## SOURCE MATERIAL

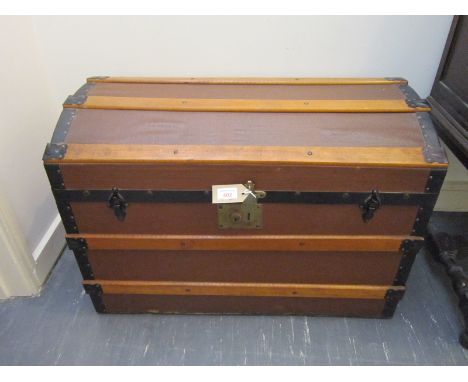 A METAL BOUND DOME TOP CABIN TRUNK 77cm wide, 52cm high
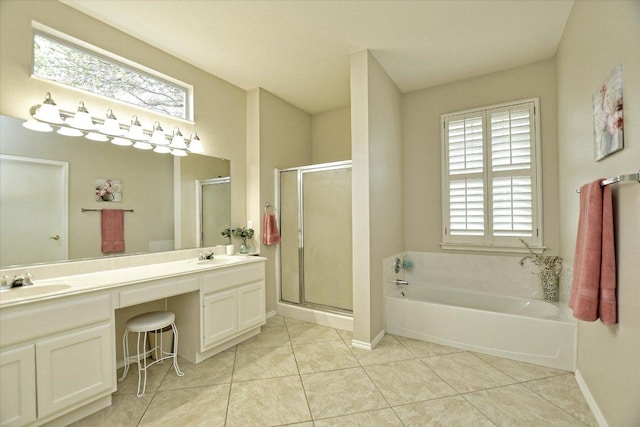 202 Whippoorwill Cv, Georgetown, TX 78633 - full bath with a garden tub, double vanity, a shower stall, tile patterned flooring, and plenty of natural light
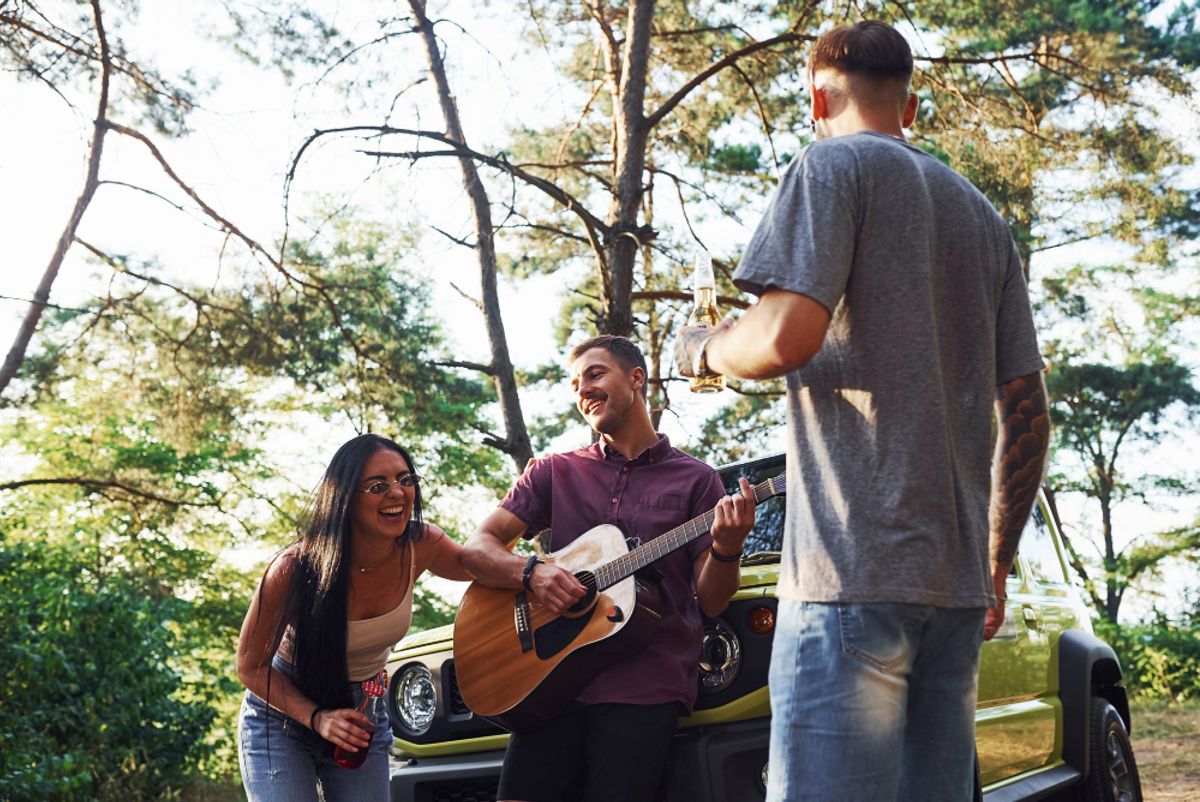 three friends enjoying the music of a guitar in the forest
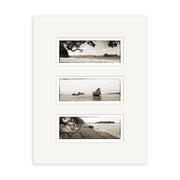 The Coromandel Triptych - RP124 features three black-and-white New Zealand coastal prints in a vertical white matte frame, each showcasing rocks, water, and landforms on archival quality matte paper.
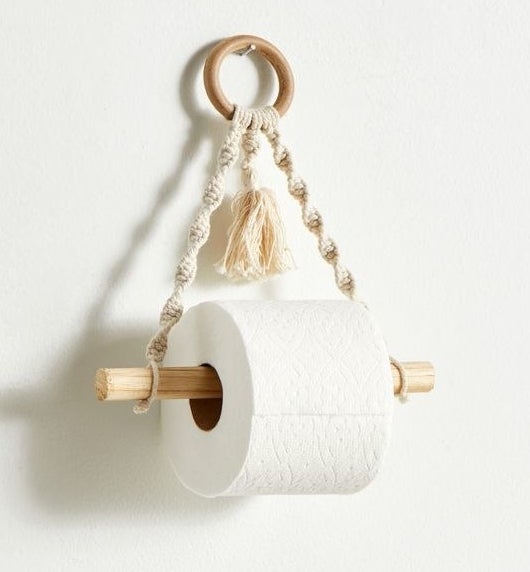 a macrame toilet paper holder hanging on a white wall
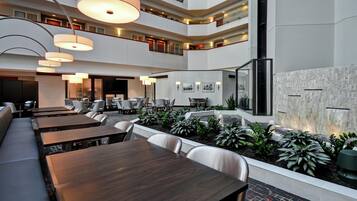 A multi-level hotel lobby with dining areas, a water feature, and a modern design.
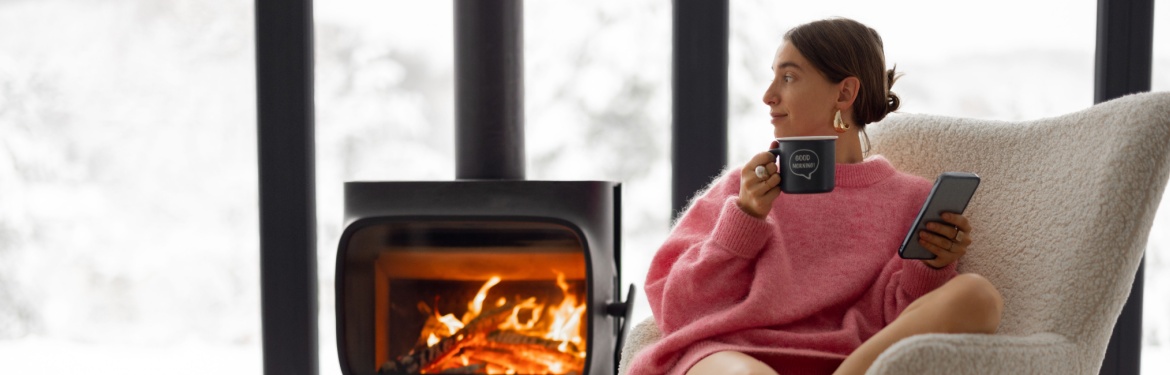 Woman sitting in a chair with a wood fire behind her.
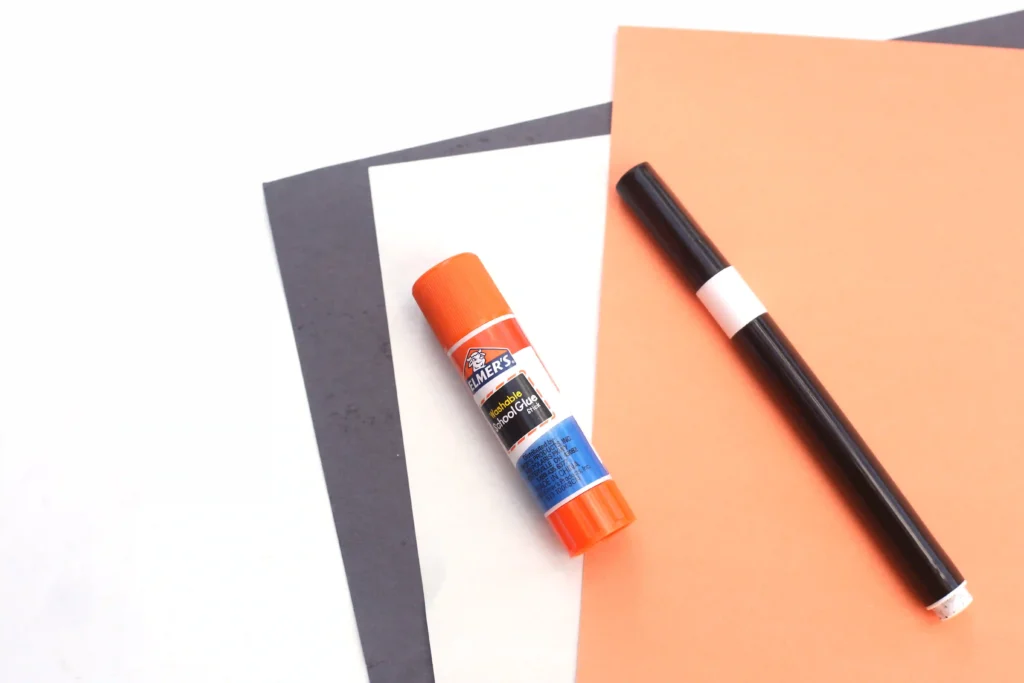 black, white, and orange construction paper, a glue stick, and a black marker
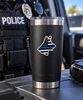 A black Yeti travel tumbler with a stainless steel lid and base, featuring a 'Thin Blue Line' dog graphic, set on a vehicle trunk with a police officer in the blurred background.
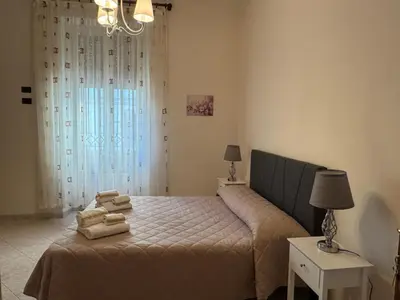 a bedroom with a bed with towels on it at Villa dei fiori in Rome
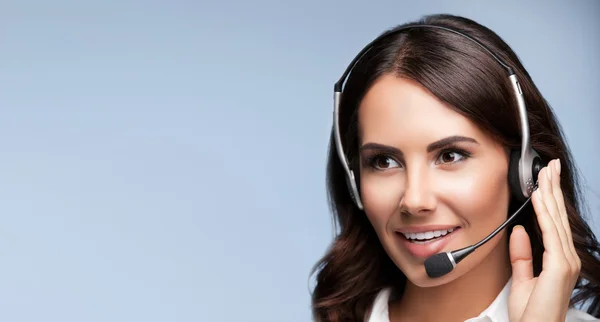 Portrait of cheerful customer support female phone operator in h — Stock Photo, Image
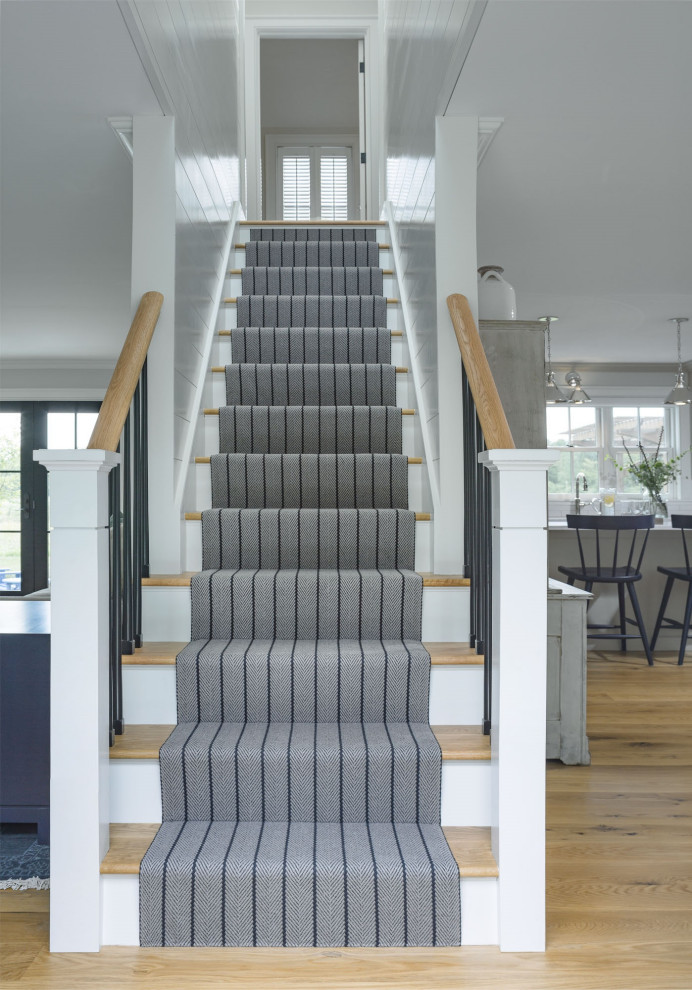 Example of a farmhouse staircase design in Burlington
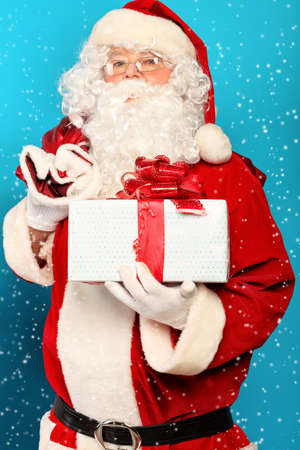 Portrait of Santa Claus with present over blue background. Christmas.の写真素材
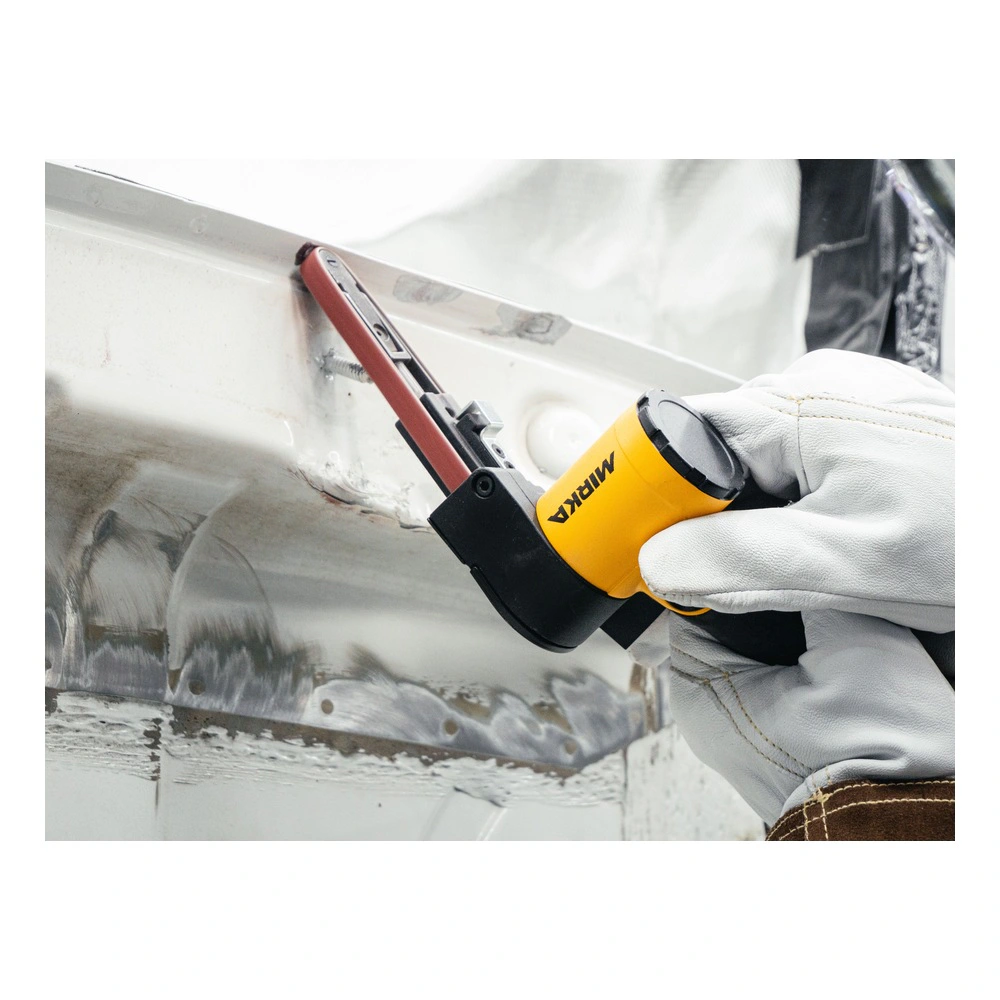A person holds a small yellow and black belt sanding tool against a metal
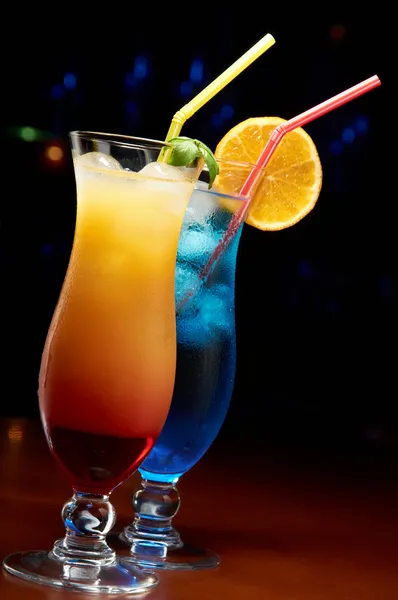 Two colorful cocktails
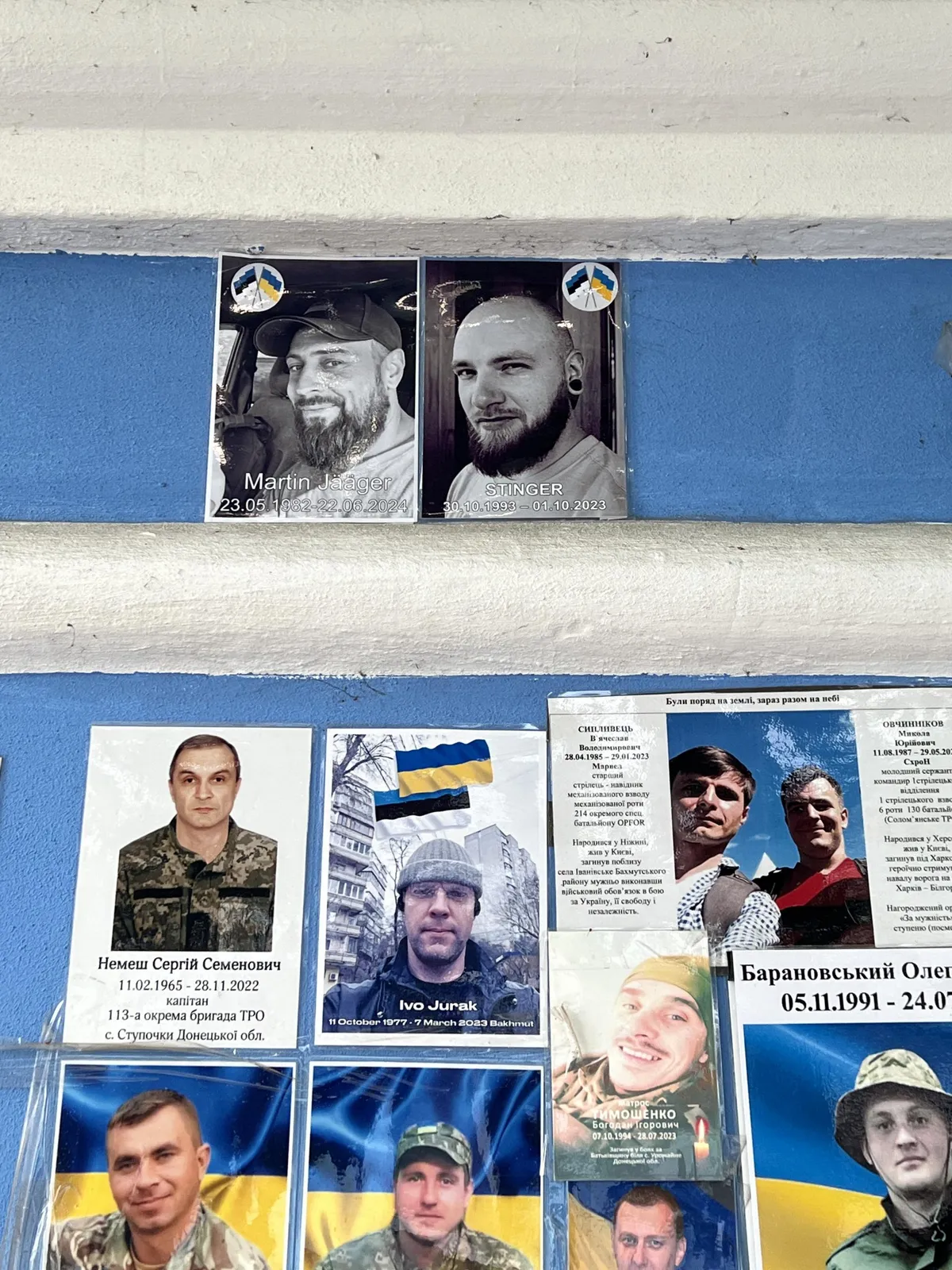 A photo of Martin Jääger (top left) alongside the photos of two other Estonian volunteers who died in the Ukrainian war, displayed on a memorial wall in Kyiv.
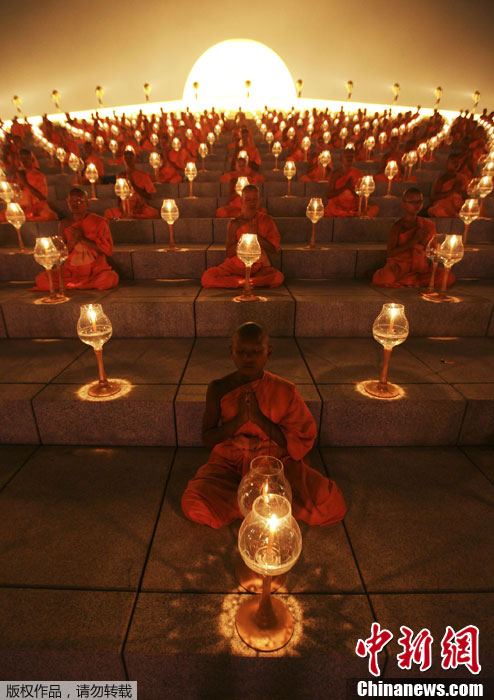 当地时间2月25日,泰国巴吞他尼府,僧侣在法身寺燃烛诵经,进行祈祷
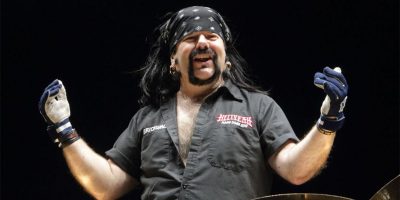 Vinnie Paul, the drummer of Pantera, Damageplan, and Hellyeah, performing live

## PROBLEM REQUIREMENTS
Where a picture appears, skip it and copy the rest of the data word for word.

## WRITTEN SOLUTION
 A METAL BOUND DOME TOP CABIN TRUNK 77cm wide, 52cm high
 202 Whippoorwill Cv, Georgetown, TX 78633 - full bath with a garden tub, double vanity, a shower stall, tile patterned flooring, and plenty of natural light
 three friends enjoying the music of a guitar in the forest
 The Coromandel Triptych - RP124 features three black-and-white New Zealand coastal prints in a vertical white matte frame, each showcasing rocks, water, and landforms on archival quality matte paper.
 a macrame toilet paper holder hanging on a white wall
 A multi-level hotel lobby with dining areas, a water feature, and a modern design.
 Woman sitting in a chair with a wood fire behind her.
 black, white, and orange construction paper, a glue stick, and a black marker
 A black Yeti travel tumbler with a stainless steel lid and base, featuring a 'Thin Blue Line' dog graphic, set on a vehicle trunk with a police officer in the blurred background.
 a bedroom with a bed with towels on it at Villa dei fiori in Rome
 Portrait of cheerful customer support female phone operator in h — Stock Photo, Image
 Example of a farmhouse staircase design in Burlington
 Portrait of Santa Claus with present over blue background. Christmas.の写真素材
A person holds a small yellow and black belt sanding tool against a metal
 Two colorful cocktails
 A photo of Martin Jääger (top left) alongside the photos of two other Estonian volunteers who died in the Ukrainian war, displayed on a memorial wall in Kyiv.
 当地时间2月25日,泰国巴吞他尼府,僧侣在法身寺燃烛诵经,进行祈祷
 Vinnie Paul, the drummer of Pantera, Damageplan, and Hellyeah, performing live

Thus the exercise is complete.